Search code examples
cdata-structurestriecs50

Trie Implementation in C: Segmentation Fault


I'm currently doing CS50 from Harvard and the goal is it to load a dictionary into any data structure in the fastest way possible. For this problem set I'm using a Trie.

The logic behind my code is as follows:

  1. Read one character at a time.
  2. Check in the childnode of the trie if the character already exists, if it equals NULL, we allocate some space to it.
  3. The curser is set to the childnode we just allocated space to.
  4. If we reach the end of a word ("\n") we set the boolean value to true and completely reset the curser to its initial value (which we have stored previously in the curser->root).

I have tried several implementations, some of them had a few logical errors which I was not happy with and some gave me segmentation faults when I had a big dictionary.

Below is the code of my latest implementation, basically what happens is that it's fine with loading the first word into the trie structure, but it fails at the second. The problem then lays into me setting the new node value to the childenode (to which we allocated some free space).
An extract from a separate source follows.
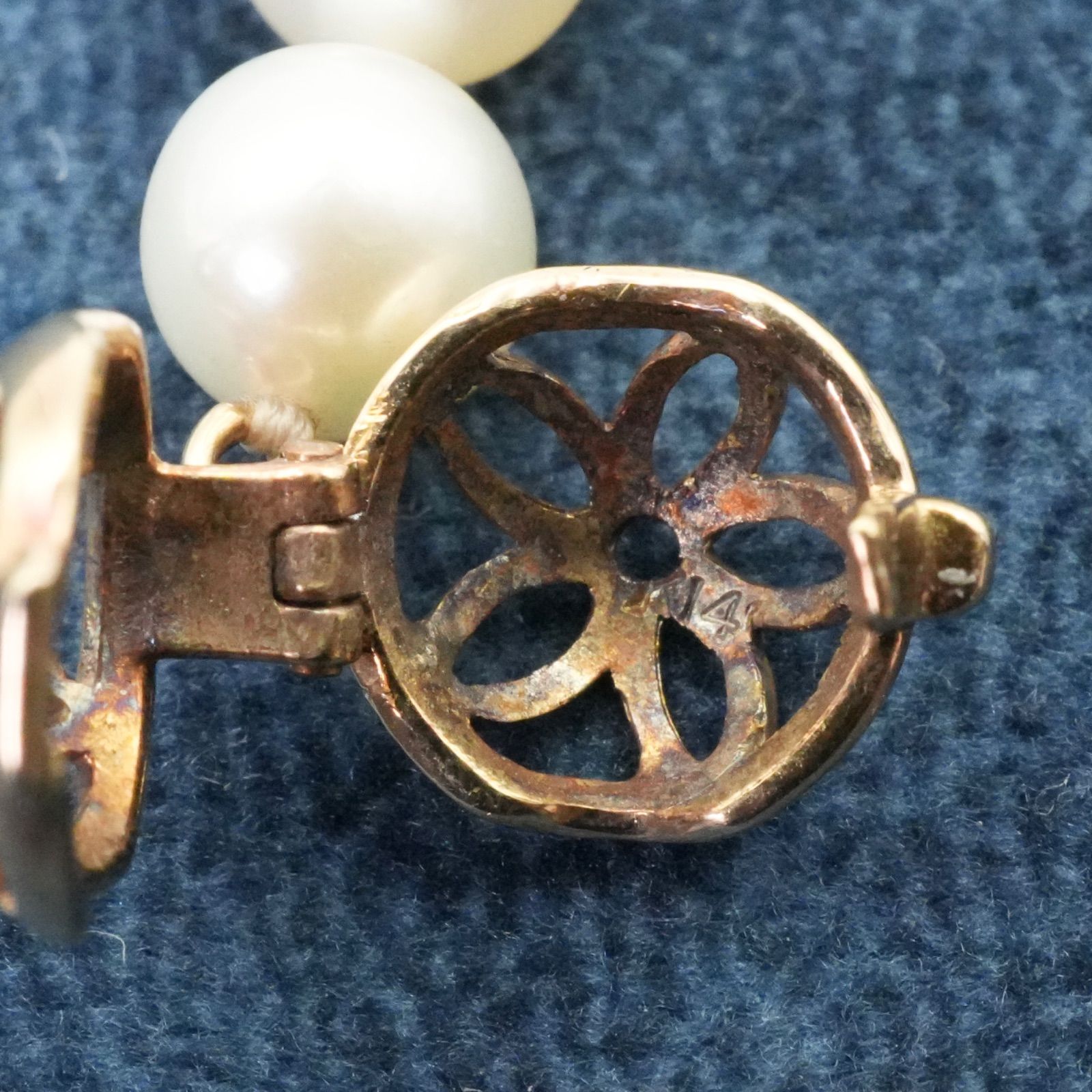 アコヤ真珠 K14 パックマンクラスプ ロング パール ネックレス/24-660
The logic behind this is it to obviously connect the tree and move on to the next node. This is the code which I think is wrong:

curser = curser->children[tolower(ch) - 'a'];

But the thing is, it worked in some of my other implementations, only with this one it stopped working all of a sudden and gave me a segmentation fault after the first word. As I said, I'm a beginner in coding so please enlighten me and criticize my implementation! Thanks a bunch.

#include <stdbool.h>
#include <stdio.h>
#include "dictionary.h"
#include <ctype.h>
#include <stdlib.h>

typedef struct node
{
    bool end;
    struct node* children[27];
    struct node* root;
    struct node* next;
} node;

//global variable used to check the number of words in the trie
int totalwords = 0;

//root node
node* curser;

int ch;

int main(void)
{
    FILE* dict = fopen("text.txt", "r");
    if (dict == NULL)
    {
        printf("Could not open dictionary\n");
        return 1;
    }

    curser = (struct node*) malloc(sizeof(node));
    curser->root = curser;

    for (ch = fgetc(dict); ch != EOF; ch = fgetc(dict))
    {
        if (ch == '\0')
        {
            curser->end = true;
            curser = curser->root;
            totalwords++;
            printf("%i\n", totalwords);
        }

        else
        {
            if (isalpha(ch))
            {
                if (curser->children[tolower(ch) - 'a'] == NULL)
                {
                    curser->children[tolower(ch) - 'a'] = (struct node*)malloc(sizeof(node));
                }
                curser = curser->children[tolower(ch) - 'a'];
            }

            else if (ch == '\'')
            {
                if (curser->children[26] == NULL)
                {
                    curser->children[26] = (struct node*)malloc(sizeof(node));
                }
                curser = curser->children[26];
            }
        }
    }

    fclose(dict);
    return false;
}

Edit:

Another question I have is why my in my current code it is not able to detect the Null Terminator \0 but it can detect a new line \n? I need to be able to detect the null terminator in order to get the correct amount of words. Any suggestion as to what is wrong?


Solution

  • After curser->root=curser; You should do the following:

    curser->end=false;
    curser->next=NULL;
    for(i=0;i<27;i++)
        curser->children[i]=NULL;
    

    When you initialize memory for curser it is not guaranteed that it's members will be automatically allocated to NULL and false.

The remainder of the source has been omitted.